Several functions of several variables f(x,y,t), g(x,y,t), h(x,y,t).
Various combinations of the others.

2) A transmitter. It operates to produce a signal suitable for transmission over the channel. In telephony it changes sound pressure to a proportional electric current. You may also sample, compress, quantise, encode, modulate or process the signal in other ways.

3) The channel is the medium used to transmit the signal from transmitter to receiver. A wire, a coaxial cable... Here the author says "a beam of light, a band of radio frequencies...", but I wonder whether in this case the channel is "empty space", since it is the medium used for electromagnetic waves to travel. To me, the beam of light would be the signal, not the channel. Unless we consider the channel as both the wave and the medium used to travel, and the signal only the information that is travelling.

4) The receiver usually performs the inverse operations of those performed by the transmitter. It reconstructs the message from the signal.

5) Destination. It is the person or thing for whom the message is intended.

In order to consider general problems involving communication systems, we need to idealise these elements as pure mathematical entities.

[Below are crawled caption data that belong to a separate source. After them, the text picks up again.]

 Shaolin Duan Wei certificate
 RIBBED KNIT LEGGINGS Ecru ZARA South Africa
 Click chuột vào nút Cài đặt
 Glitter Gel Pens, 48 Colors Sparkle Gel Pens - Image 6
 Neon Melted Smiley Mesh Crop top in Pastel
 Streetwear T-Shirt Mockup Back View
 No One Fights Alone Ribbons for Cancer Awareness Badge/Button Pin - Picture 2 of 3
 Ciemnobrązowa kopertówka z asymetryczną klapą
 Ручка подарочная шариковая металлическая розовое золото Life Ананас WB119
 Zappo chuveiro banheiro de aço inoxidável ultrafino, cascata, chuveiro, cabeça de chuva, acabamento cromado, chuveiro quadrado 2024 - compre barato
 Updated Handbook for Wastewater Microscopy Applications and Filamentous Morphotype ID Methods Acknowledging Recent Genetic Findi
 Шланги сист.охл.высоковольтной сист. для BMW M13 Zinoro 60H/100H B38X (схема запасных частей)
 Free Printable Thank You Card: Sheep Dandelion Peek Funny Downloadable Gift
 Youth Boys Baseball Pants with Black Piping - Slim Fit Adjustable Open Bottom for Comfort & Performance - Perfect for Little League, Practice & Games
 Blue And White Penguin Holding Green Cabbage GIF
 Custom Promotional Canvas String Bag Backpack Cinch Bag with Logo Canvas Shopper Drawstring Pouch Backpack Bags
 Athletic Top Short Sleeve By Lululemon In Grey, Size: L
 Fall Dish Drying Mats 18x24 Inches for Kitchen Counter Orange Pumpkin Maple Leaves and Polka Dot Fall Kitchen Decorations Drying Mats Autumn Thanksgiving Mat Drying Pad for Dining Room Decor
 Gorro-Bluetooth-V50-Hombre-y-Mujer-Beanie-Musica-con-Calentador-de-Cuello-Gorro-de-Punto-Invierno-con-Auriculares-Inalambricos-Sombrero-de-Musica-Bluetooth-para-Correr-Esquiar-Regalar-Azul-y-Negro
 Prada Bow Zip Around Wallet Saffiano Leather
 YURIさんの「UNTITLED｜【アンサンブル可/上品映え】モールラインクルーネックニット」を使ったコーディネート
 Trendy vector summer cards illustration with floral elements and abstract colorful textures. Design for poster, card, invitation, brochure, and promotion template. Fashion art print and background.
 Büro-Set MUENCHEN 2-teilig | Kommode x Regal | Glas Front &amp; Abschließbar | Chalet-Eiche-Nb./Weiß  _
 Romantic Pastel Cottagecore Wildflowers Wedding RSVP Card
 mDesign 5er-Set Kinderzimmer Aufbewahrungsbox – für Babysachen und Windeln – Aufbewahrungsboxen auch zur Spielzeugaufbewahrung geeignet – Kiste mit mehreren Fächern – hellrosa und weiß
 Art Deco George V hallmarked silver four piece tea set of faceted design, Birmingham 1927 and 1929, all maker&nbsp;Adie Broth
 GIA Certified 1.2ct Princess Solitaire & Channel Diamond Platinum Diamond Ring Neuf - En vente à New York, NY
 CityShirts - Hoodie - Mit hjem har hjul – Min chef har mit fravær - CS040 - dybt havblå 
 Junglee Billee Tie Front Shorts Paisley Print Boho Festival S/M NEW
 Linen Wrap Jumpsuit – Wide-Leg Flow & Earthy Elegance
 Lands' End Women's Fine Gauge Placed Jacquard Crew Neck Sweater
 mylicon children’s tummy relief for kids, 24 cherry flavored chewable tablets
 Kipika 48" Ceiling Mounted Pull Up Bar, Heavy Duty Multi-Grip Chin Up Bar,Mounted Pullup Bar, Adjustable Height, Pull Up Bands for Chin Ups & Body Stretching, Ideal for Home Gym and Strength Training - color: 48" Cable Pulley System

We classify communication systems into three main categories: discrete, continuous and mixed. In a discrete system, both the message and the signal are sequences of discrete symbols. Telegraphy, where both message and signal are sequences of dots, dashes and spaces, is an example of discrete system. A continuous system deals with both continuous message and signal, like in radio or television. A mixed system involves discrete and continuous variables.

We first focus on discrete systems. They are extremely relevant, since computing machines exchange discrete sequences all the time. Moreover, the discrete case provides the foundation for the continuous and mixed cases.